Это несколько облегчает жизнь, поскольку на немалой части территории страны у людей просто нет ресурсов и возможностей для самостоятельного устройства жизни. В небольших городках, поселках, деревнях невозможно получить хорошую специальность, заработать денег, чтобы начать собственное дело или хотя бы для того, чтобы переехать с семьей в крупный промышленный центр, снять там жилье и найти прилично оплачиваемую работу.
Здесь главный, а то и единственный наниматель — государство. Бюджетники — счастливчики. Оттого так ценится самая маленькая должность, за которую хоть сколько-нибудь платят из казны. За такую работу держатся. На выборах голосуют за начальство. Поддерживают вертикаль власти. И страшно опасаются перемен. А ну как без зарплаты останешься? Чем семью кормить?..

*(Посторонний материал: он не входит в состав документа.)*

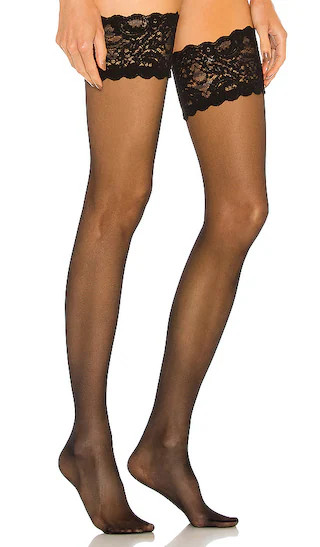 Wolford Satin Touch 20 Stay-Up Stockings in Black. - size M | Revolve Clothing (Global)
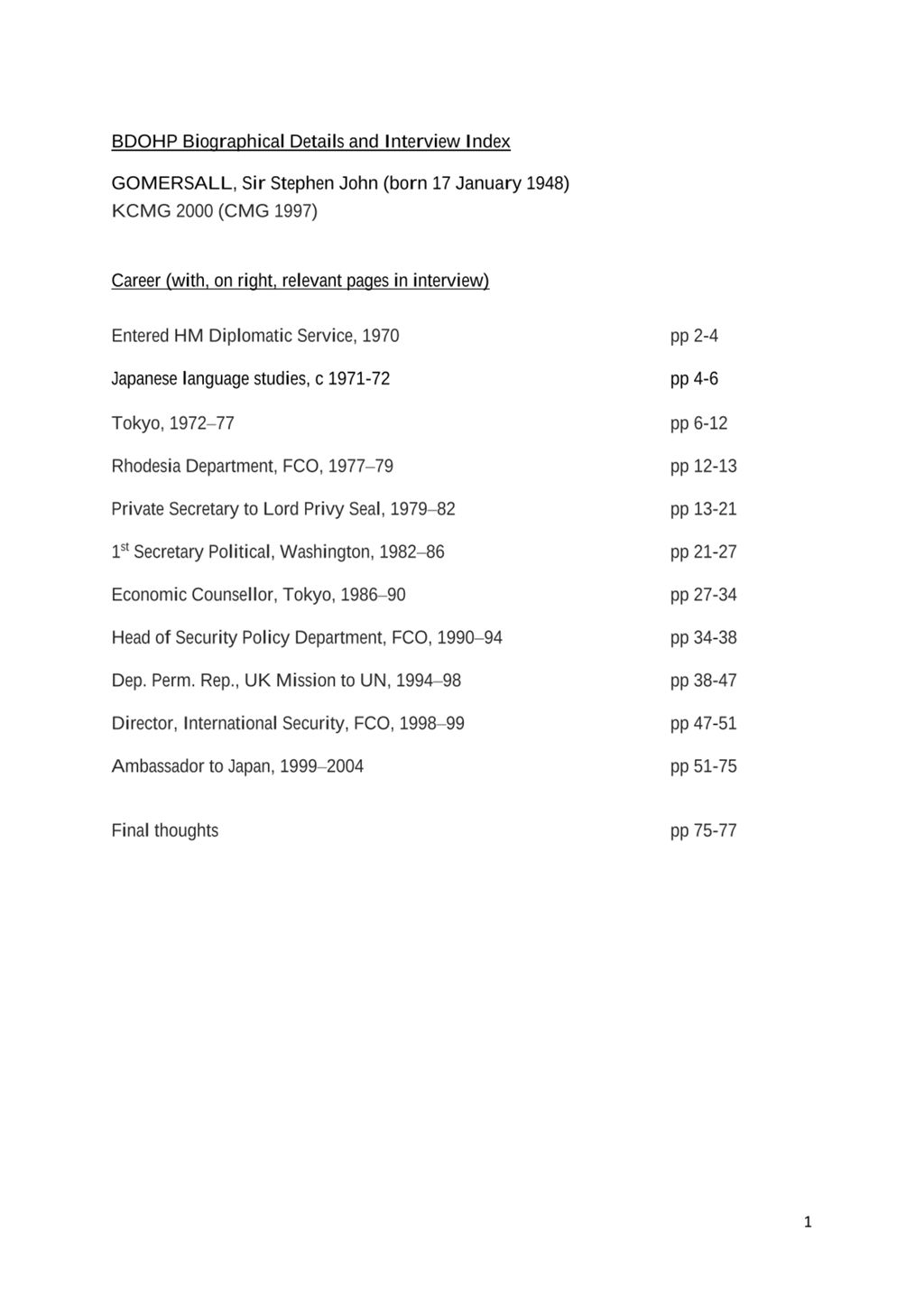 Miniature of Transcript of interview: Sir Stephen Gomersall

В эти годы — переходные от Ельцина к Путину — стало очевидным и другое: важнейшие институты советской системы остались неизменными. Они благополучно пережили распад Советского Союза и крах социализма. Суд, прокуратура, госбезопасность, милиция сохранились как органы репрессий и контроля над страной. Некоторое время, пока на высших постах находились люди с демократическими убеждениями, эти структуры словно пребывали в спящем режиме. Смена вех привела к их активации.
И многие достижения в сфере демократического устройства исчезли. История словно повторялась. Как и в семнадцатом году, общество, свергнув прежний режим, эволюционировало от либеральной демократии к жесткому режиму.
Разница состоит в том, что в семнадцатом году все это произошло за считанные месяцы — от февраля до октября. В наши дни революция и контрреволюция растянулись на полтора десятка лет. И степень жесткости режима не сравнишь. Но эти повороты свидетельствуют об определенных закономерностях исторического развития России.
Революция пожирает не только своих детей, но и отцов — тех, кто ее совершил. Выходят на площадь и ложатся под танки одни. Власть, должности и богатство достаются другим. Революции начинаются с праздника, с веселья, иногда безоглядного, а заканчиваются чистками. И первые жертвы — разочарованные и чудовищно обманутые в своих ожиданиях революционеры.